Single by Jason Aldean

from the album They Don't Know
- Released: December 5, 2016
- Recorded: 2016
- Genre: Country
- Length: 3:23
- Label: Broken Bow
- Songwriters: Deric Ruttan; Josh Thompson;
- Producer: Michael Knox

Jason Aldean singles chronology
| "A Little More Summertime" (2016) | "Any Ol' Barstool" (2016) | "They Don't Know" (2017) |

Music video
- "Any Ol' Barstool" on YouTube

= Any Ol' Barstool =

"Any Ol' Barstool" is a song written by Deric Ruttan and Josh Thompson and recorded by American country music artist Jason Aldean. It was released on December 5, 2016, by Broken Bow Records as the third single from Aldean's seventh album They Don't Know (2016). "Any Ol' Barstool" gave Aldean his thirteenth number-one hit on the Billboard Country Airplay chart and his eleventh top 5 hit on the Hot Country Songs chart. It also reached outside the top 50 on the Hot 100 chart. The song achieved similar chart success in Canada, giving Aldean his eighth number-one hit on the Canada Country chart and reaching number 100 on the Canadian Hot 100. It was certified Gold by Music Canada for selling over 40,000 units in that country. An accompanying music video for the single, directed by Shaun Silva, features Aldean playing in an empty bar against the story of a quarreling couple.

==Background==
"Any Ol' Barstool" was written by Deric Ruttan and Josh Thompson, and came into fruition during their first writing appointment together, where Thompson threw out the title and they completed it in quick fashion. It was originally not meant for Aldean before he heard it from producer Michael Knox, and fell in love with its "traditional country" aesthetic and called it "one of the most well-written songs" on They Don't Know.

==Critical reception==
Billy Dukes of Taste of Country called it "a guitar-heavy rocker" that allows Aldean to deliver a "vocal showcase" throughout the runtime, concluding that: "Aldean's good at nostalgia, be it in a song about simple times that flew by too fast or more complicated affairs he wishes he could revisit. His understated performance on this song allows one to impute their own emotion into the ballad, an "Ocean Front Property" kind of story updated to fit his style. In 2017, Billboard contributor Chuck Dauphin put "Any Ol' Barstool" at number six on his top 10 list of Aldean's best songs.

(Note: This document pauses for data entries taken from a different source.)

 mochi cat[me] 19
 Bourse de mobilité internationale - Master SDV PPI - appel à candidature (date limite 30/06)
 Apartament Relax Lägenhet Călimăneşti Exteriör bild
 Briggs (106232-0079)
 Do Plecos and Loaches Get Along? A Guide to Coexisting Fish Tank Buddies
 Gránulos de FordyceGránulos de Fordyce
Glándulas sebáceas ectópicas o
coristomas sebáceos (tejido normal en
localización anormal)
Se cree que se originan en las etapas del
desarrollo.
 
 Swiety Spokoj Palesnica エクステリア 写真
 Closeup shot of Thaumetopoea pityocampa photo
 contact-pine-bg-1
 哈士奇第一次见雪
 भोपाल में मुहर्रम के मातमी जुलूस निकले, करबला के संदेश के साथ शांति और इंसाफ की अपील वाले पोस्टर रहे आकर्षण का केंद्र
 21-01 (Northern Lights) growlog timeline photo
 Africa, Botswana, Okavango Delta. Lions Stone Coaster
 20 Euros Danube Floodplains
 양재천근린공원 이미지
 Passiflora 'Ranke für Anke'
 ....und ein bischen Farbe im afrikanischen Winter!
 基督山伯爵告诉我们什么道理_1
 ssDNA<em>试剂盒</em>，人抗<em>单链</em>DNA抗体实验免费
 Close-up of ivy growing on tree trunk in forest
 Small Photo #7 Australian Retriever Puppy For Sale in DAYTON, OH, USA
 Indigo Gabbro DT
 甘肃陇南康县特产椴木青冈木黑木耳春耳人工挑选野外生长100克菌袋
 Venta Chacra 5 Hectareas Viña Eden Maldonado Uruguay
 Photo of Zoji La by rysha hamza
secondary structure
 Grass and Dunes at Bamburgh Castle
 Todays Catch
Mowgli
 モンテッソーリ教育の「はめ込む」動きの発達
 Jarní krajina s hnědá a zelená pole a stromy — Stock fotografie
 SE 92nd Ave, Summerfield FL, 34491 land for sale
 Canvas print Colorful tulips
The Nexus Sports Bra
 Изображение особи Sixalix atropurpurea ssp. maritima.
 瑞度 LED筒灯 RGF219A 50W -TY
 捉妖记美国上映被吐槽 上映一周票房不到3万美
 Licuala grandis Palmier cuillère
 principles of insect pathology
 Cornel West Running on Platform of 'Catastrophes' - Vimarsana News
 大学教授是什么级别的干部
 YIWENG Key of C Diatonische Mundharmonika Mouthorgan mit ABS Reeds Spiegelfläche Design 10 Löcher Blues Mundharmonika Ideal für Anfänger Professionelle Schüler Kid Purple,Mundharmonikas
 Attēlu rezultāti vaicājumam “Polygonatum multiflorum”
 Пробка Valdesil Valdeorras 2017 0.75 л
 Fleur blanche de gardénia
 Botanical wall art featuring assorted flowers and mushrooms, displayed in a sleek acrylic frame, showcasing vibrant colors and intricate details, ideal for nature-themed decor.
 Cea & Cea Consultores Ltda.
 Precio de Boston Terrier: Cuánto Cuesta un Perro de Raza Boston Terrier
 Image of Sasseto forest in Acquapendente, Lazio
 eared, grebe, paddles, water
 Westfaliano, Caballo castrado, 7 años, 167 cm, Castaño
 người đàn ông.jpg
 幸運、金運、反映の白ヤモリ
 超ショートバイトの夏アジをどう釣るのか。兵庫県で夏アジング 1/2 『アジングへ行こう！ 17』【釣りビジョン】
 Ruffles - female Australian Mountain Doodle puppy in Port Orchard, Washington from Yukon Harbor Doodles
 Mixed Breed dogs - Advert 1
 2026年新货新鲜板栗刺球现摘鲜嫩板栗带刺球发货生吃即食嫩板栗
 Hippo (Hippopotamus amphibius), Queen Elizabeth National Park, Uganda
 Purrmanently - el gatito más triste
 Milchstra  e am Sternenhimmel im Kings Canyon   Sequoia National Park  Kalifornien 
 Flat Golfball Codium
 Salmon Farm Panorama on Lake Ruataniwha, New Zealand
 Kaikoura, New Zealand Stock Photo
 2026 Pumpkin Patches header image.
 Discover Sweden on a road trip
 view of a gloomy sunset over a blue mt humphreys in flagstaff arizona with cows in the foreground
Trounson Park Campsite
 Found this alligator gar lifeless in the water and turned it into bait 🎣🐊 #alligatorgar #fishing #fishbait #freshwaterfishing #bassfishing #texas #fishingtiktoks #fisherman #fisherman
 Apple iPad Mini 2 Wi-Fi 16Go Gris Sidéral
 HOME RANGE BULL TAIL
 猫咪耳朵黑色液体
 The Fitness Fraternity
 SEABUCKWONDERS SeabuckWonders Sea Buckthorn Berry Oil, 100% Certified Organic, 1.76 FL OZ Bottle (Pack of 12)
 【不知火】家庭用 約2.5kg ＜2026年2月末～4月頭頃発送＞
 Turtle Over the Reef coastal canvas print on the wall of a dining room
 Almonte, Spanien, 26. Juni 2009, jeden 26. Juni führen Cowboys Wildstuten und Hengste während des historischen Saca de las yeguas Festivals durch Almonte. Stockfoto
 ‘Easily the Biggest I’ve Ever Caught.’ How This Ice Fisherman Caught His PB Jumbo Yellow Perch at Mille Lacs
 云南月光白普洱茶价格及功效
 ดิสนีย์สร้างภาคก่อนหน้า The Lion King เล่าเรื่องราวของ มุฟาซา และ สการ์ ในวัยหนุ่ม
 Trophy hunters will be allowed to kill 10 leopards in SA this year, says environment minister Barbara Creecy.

==Commercial performance==
"Any Ol' Barstool" debuted at number 93 on the Billboard Hot 100 the week of February 11, 2017. Eleven weeks later, it reached number 52 the week of April 29, and stayed on the chart for eighteen weeks. The song has sold 166,000 copies in the United States as of May 2017. In Canada, the track debuted at number 45 on the Canada Country chart the week of January 14, 2017. Twelve weeks later, it peaked on the week of April 8, and stayed on the chart for twenty weeks. It also debuted and peaked at number 100 on the Canadian Hot 100 the week of April 22. On January 11, 2018, "Any Ol' Barstool" was certified gold by Music Canada in Canada for selling over 40,000 units.

==Music video==
A lyric video for "Any Ol' Barstool" premiered on Aldean's Vevo channel on December 5, 2016. The official music video was directed by Shaun Silva and premiered in 2017. The video tells the story of a couple fighting with each other and going about their day afterwards: the man works as a bartender mixing "business and pleasure" with both his buddies and his girlfriend's friends while she waits at home for his text messages. Intercut are scenes of Aldean performing in an empty bar.

==Charts==

| Chart (2016–2017) | Peak position |
|---|---|
| Canada Hot 100 (Billboard) | 100 |
| Canada Country (Billboard) | 1 |
| US Billboard Hot 100 | 52 |
| US Country Airplay (Billboard) | 1 |
| US Hot Country Songs (Billboard) | 5 |

===Year-end charts===

| Chart (2017) | Position |
|---|---|
| Canada Country (Billboard) | 19 |
| US Country Airplay (Billboard) | 27 |
| US Hot Country Songs (Billboard) | 20 |

== Certifications ==

| Region | Certification | Certified units/sales |
| Canada (Music Canada) | Gold | 40,000^{‡} |
| United States (RIAA) | 3× Platinum | 3,000,000^{‡} |
^{‡} Sales+streaming figures based on certification alone.

== Controversy ==
This song was partially banned from YouTube after the 2017 Las Vegas shooting since the first shots were fired while Aldean was singing this song at the end of the concert.